I have no doubt that, if faced with the same dilemma, I would pick the red pill, too. However, that does not mean I would not be incredibly tempted by the blue one, as well. Ignorance is bliss, as they say, and the thought of resuming my life normally, instead of having to face the actual nature of reality and the grim fact that everything I’ve known and experienced has been a lie, is very comforting, after all.
However, I believe that the truth, even when it is a horrible one, is always worth finding out. It might make me miserable, but I feel like it would be my duty to myself to learn the truth and not to continue living a pointless, wasted life, even if it would feel real to me. Moreover, it would be my duty to humanity as well, because, even though the chances might be slim, there is always a possibility I could do something to break the illusion and free everyone from their projected-reality prisons. Even notwithstanding these more serious, noble reasons, I think that my innate curiosity would simply never allow me not to choose the red pill. In fact, I think that my curiosity is why I have warmed up to TOK itself, and it certainly makes questioning and wanting to know about everything that much easier. No matter how hopeless the situation is, I believe it is always better to know, than to be left in the dark, and I always try to find out even the harsh, unpleasant truths, because at least knowing them is the first step towards actually dealing with them.
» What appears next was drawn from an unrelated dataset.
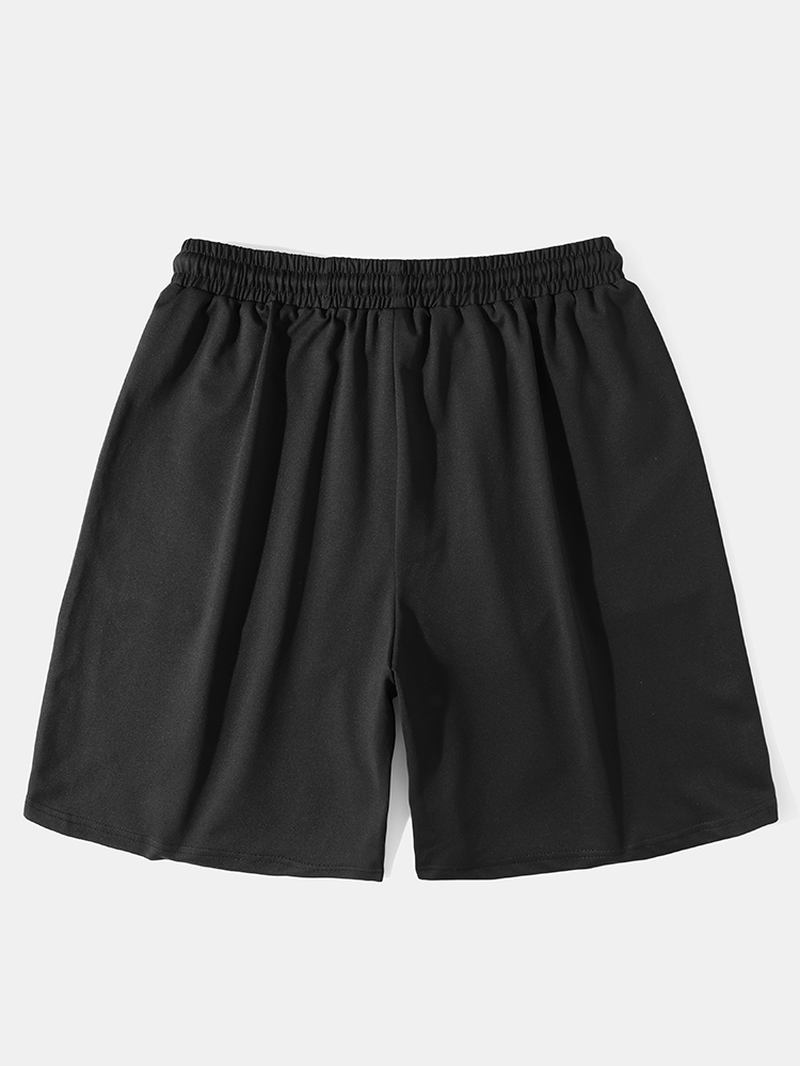 Herr Nasa Label Leisure Svarta Shorts Med Elastisk Midja Med Sidficka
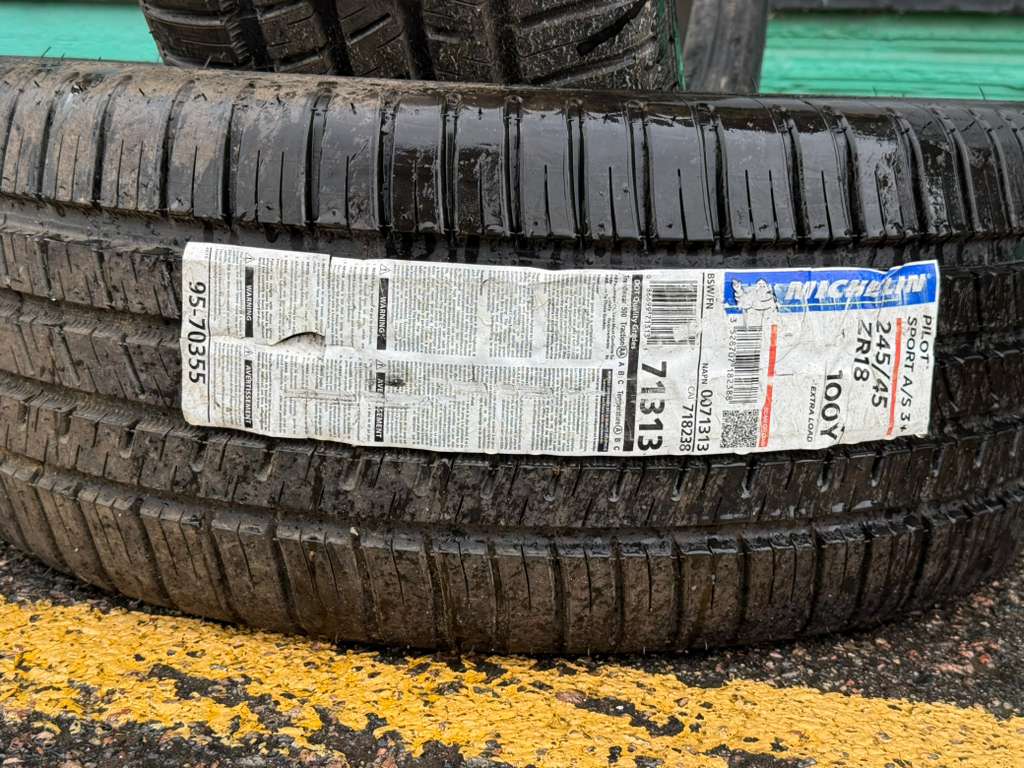 245/45ZR18 Pair (2 Used Tires) Michelin Pilot Sport A/S3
Still, I cannot say that this dilemma necessarily has a right answer. After all, just knowing the truth does not mean we can do anything to change it, and, in that case, there might not be a point. Sure, it is worth knowing a painful truth if it is useful, but if it isn’t, why would we want to know it? Can knowing just for the sake of knowing actually do us more harm than good? I don’t actually know the right answer to that; but, to modify a certain famous bit of wisdom from Socrates: All I know is that I would still want to know.